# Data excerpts
****************************************

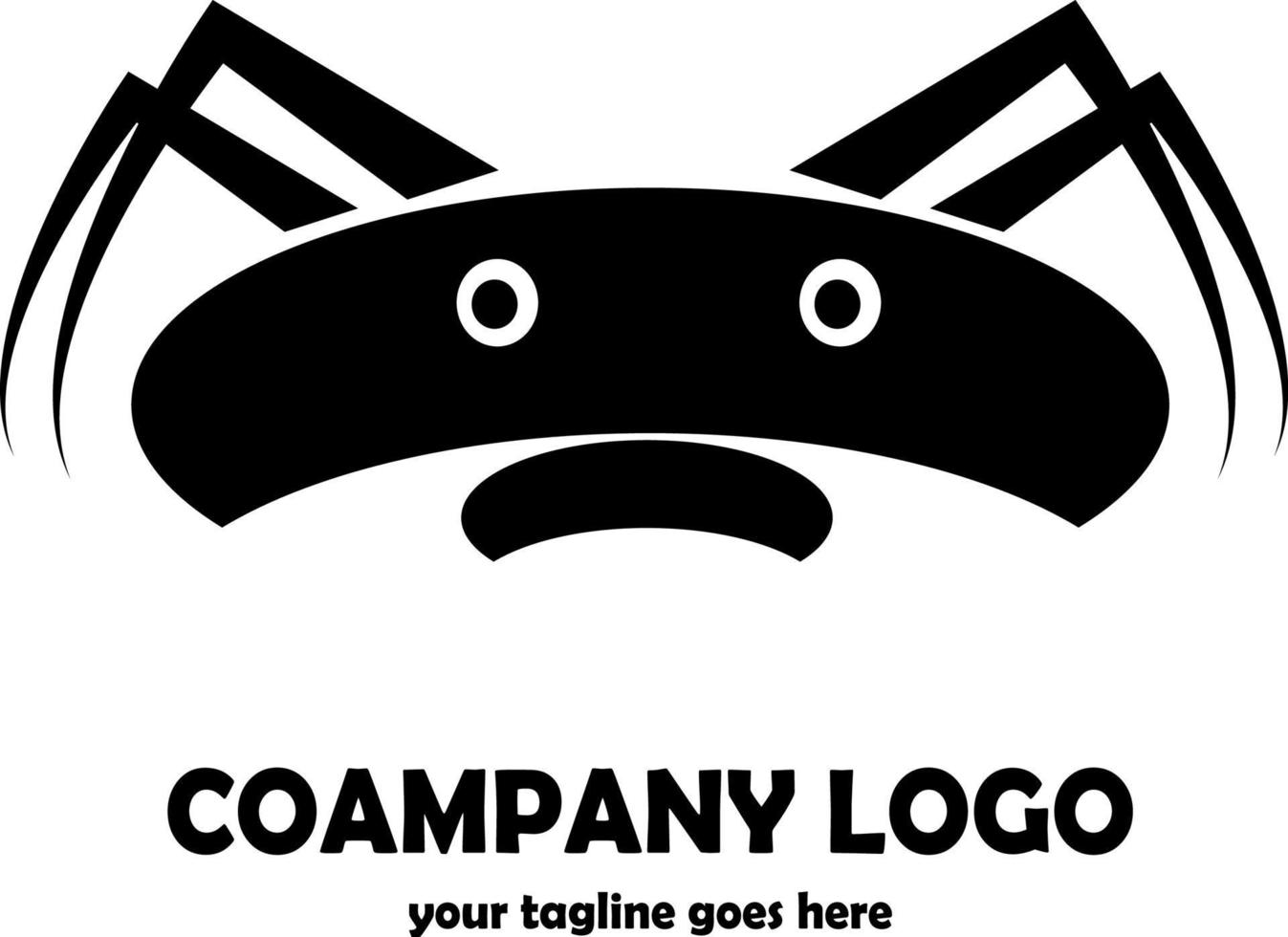 simple crab logo in silhouette style vector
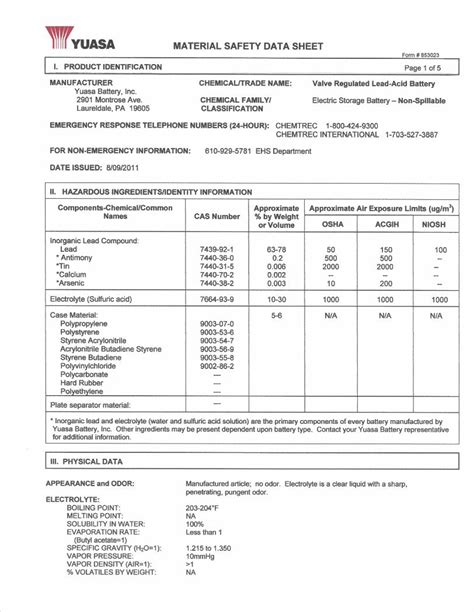 Pdf Yuasa Material Safety Data Sheet Form Page Of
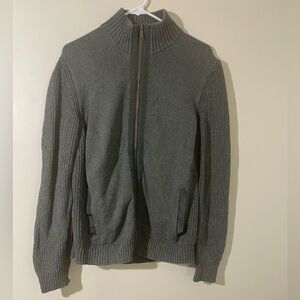 Daniel Hechter Paris Grey Mixed Knit Full‎ Zip Jacket Size Small Mock Neck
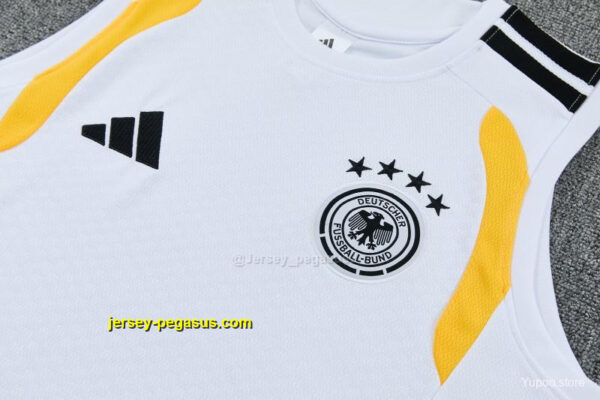 Germany White Sleeveless Training Vest +Shorts Set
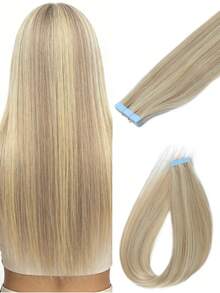 20 piezas Extensiones de cabello humano con cinta adhesiva de 12-24 pulgadas, extensiones de cabello con cinta adhesiva invisible y sin costuras, extensiones de cabello con cinta adhesiva de doble cara, extensiones de cabello humano con cinta adhesiva, extensiones de cabello de Navidad - Multicolor - Ver 31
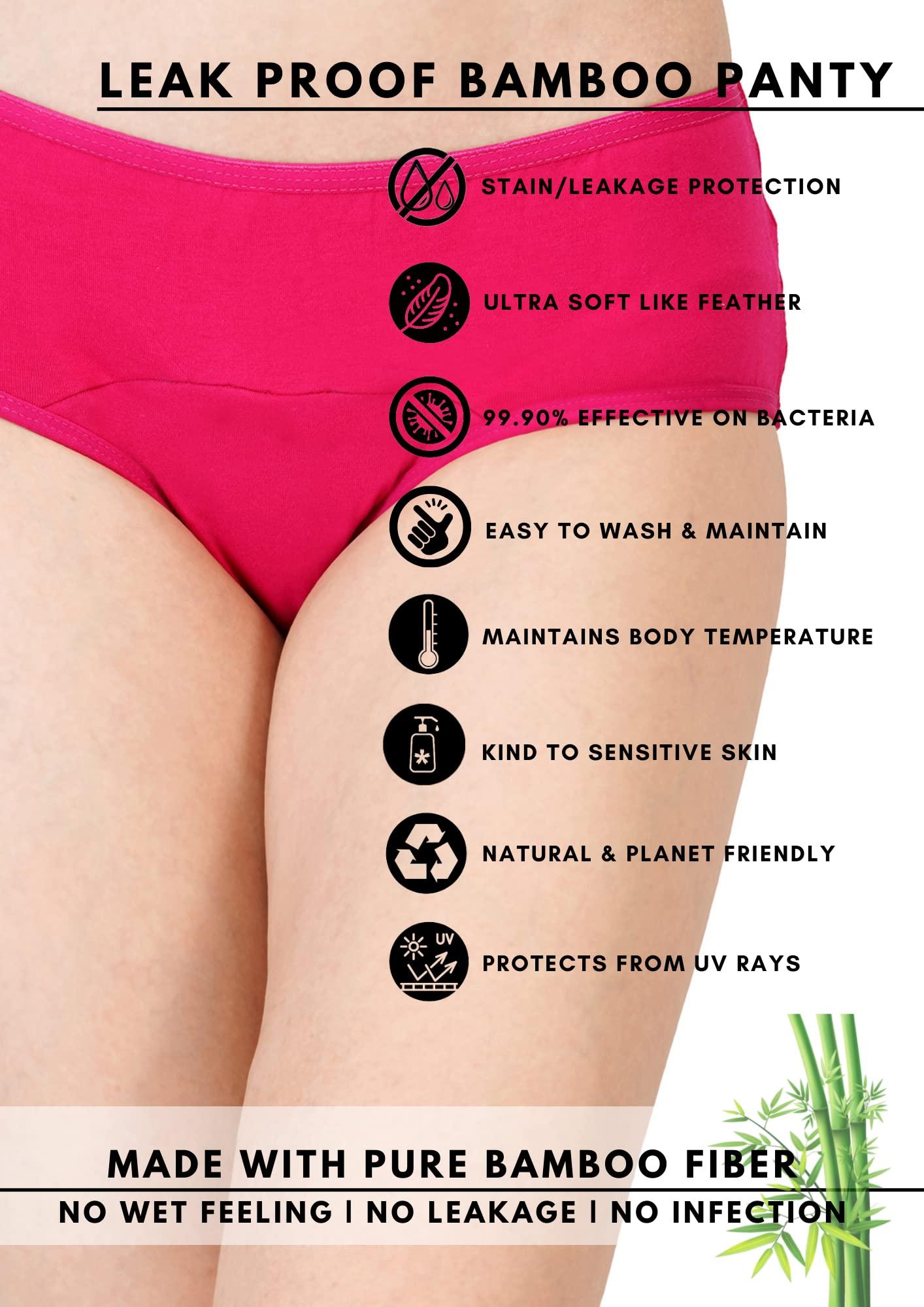 BAMBOOLOGY BAMBOOLOGY Reusable Period Panties for Women & Girls | Bamboo Fabric Leak Proof Panty | Wash & Reuse Menstrual Underwear (XXX-Large, Fuschia)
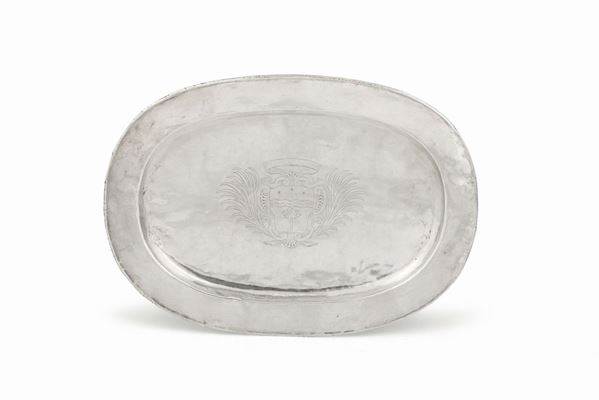 A silver tray, Rome, mid 18th century.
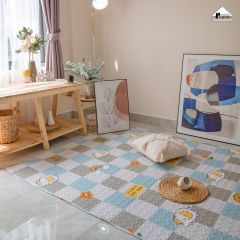 Thảm Cotton Trải Sàn Nhật Bản Trang Trí Phòng Hình Học Trang Nhã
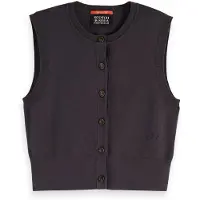 Scotch & Soda Compact Knitted Spencer Charcoal Art Talla: S | Chalecos Outlet | Mujer | Negro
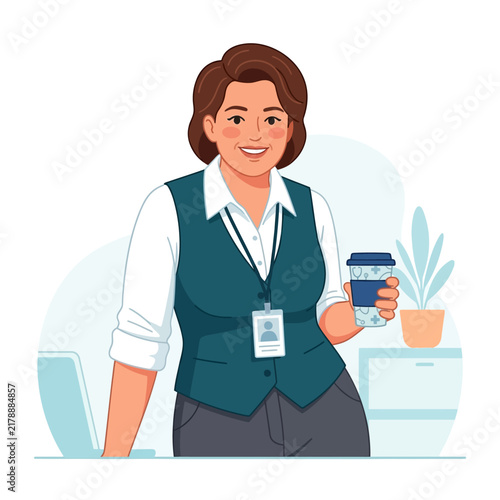 Professional Woman Holds Coffee Cup Smiling In Office Setting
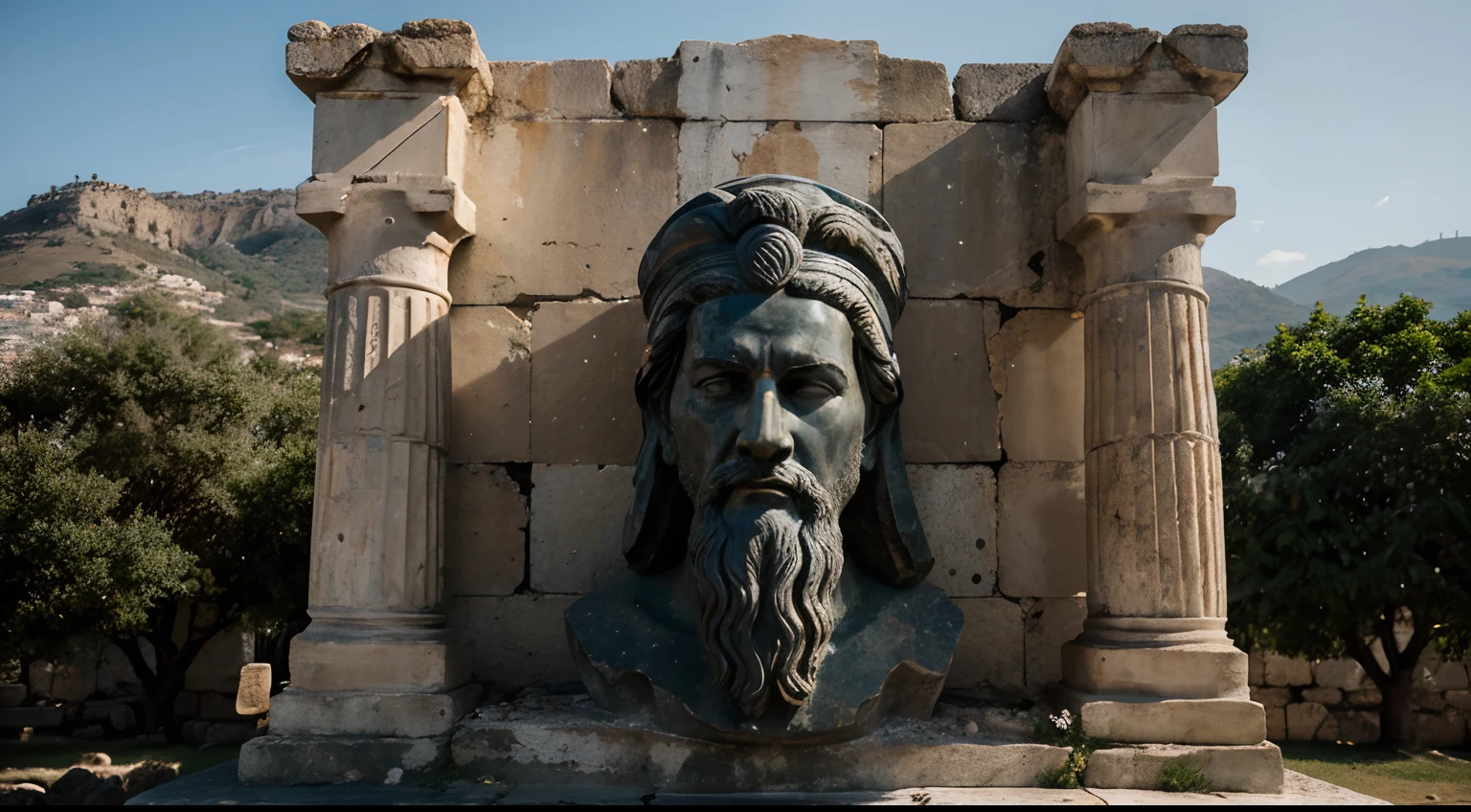Ancient Stoic Statue With Very Angry Expression, tem barba, muitos detalhes em ambos os olhos, Outside, fundo atenas grego, open sky, com rosto extremamente detalhado full body view, Colors with low saturation with dark tone, Filmado em Sony A7S III com Sony FE 35mm f/1.8, 12.1 MP, --AR 3:2 --estilo cru
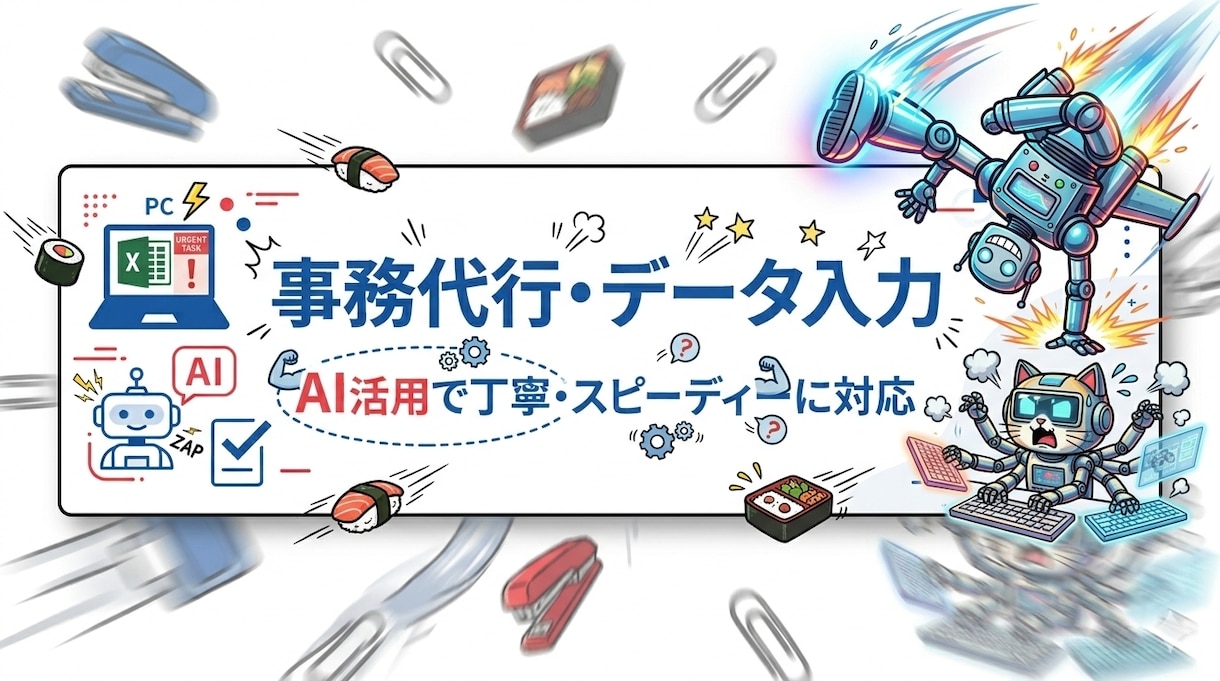 AIを活用しデータ入力・事務作業を丁寧に代行します 事務作業をAIと人の二重チェックで丁寧かつ迅速に代行します。 イメージ1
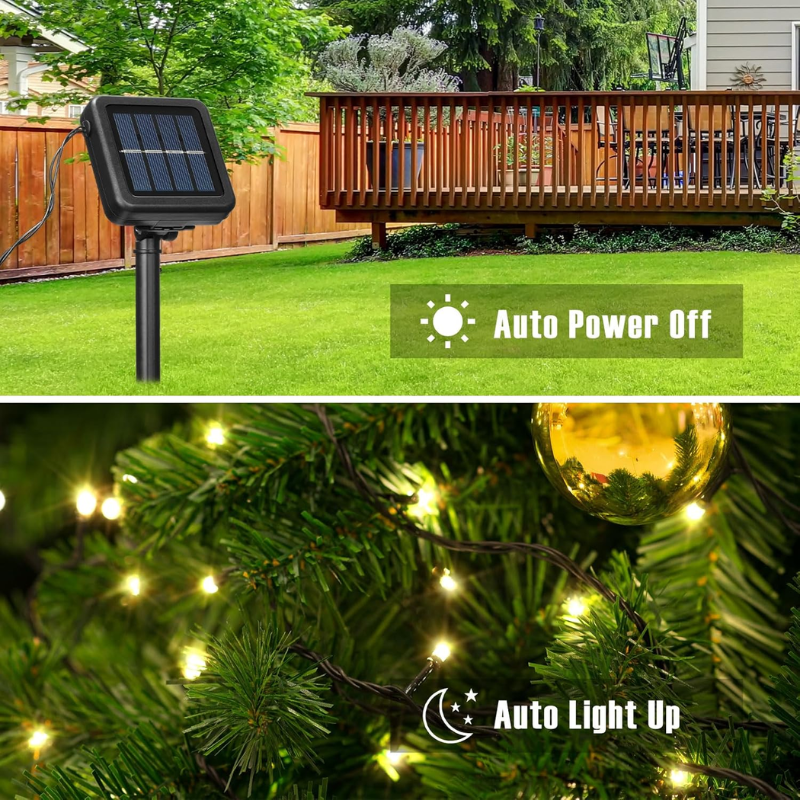 Waterproof Solar Powered String Lights - 10m | 200 LED | 8 Modes | Warm White Outdoor Fairy Lights
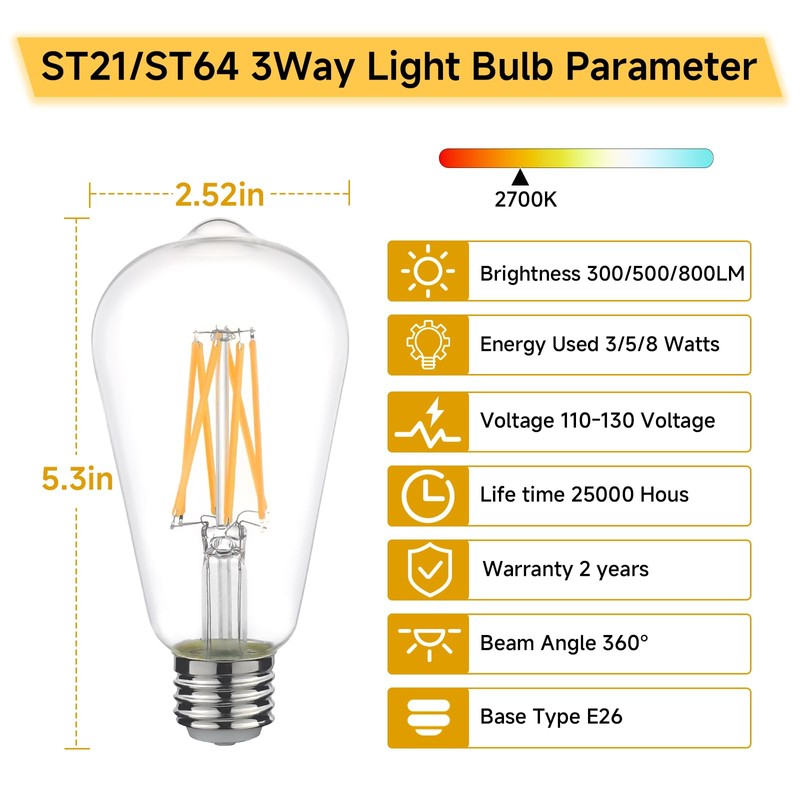 CHULEIBACUI ST21/ST64 3 Way LED Bulb, E26 Base, 30/50/80W Equivalent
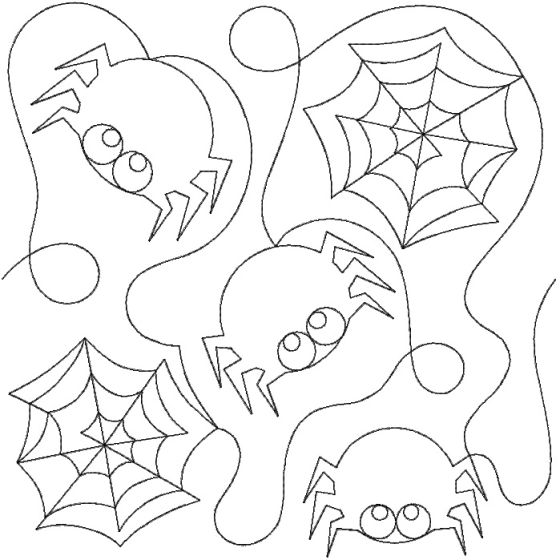 Halloween Spider End-to-End Quilting | Machine Embroidery Designs by JuJu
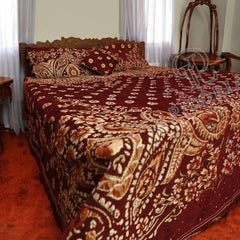Maroon velvet bedsheet with jacquard Mughal floral design by Piloria β king-size luxury bedding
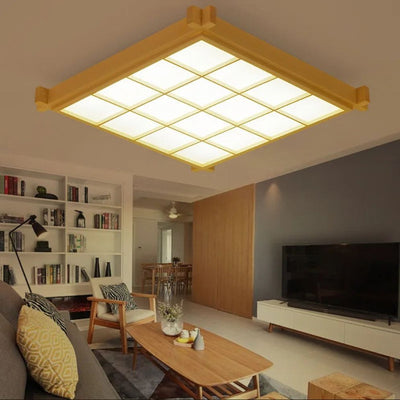 Nouveau Plafonnier Chinois Ultra Mince en Grain de Bois - Lumiine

****************************************

Going by the data above, give back only the lines from the one containing "BAMBOOLOGY BAMBOOLOGY Reusable" through the one containing "CHULEIBACUI ST21/ST64 3", exactly as they stand, both ends included and no images.

 BAMBOOLOGY BAMBOOLOGY Reusable Period Panties for Women & Girls | Bamboo Fabric Leak Proof Panty | Wash & Reuse Menstrual Underwear (XXX-Large, Fuschia)
 A silver tray, Rome, mid 18th century.
 Thảm Cotton Trải Sàn Nhật Bản Trang Trí Phòng Hình Học Trang Nhã
 Scotch & Soda Compact Knitted Spencer Charcoal Art Talla: S | Chalecos Outlet | Mujer | Negro
 Professional Woman Holds Coffee Cup Smiling In Office Setting
Ancient Stoic Statue With Very Angry Expression, tem barba, muitos detalhes em ambos os olhos, Outside, fundo atenas grego, open sky, com rosto extremamente detalhado full body view, Colors with low saturation with dark tone, Filmado em Sony A7S III com Sony FE 35mm f/1.8, 12.1 MP, --AR 3:2 --estilo cru
 AIを活用しデータ入力・事務作業を丁寧に代行します 事務作業をAIと人の二重チェックで丁寧かつ迅速に代行します。 イメージ1
 Waterproof Solar Powered String Lights - 10m | 200 LED | 8 Modes | Warm White Outdoor Fairy Lights
 CHULEIBACUI ST21/ST64 3 Way LED Bulb, E26 Base, 30/50/80W Equivalent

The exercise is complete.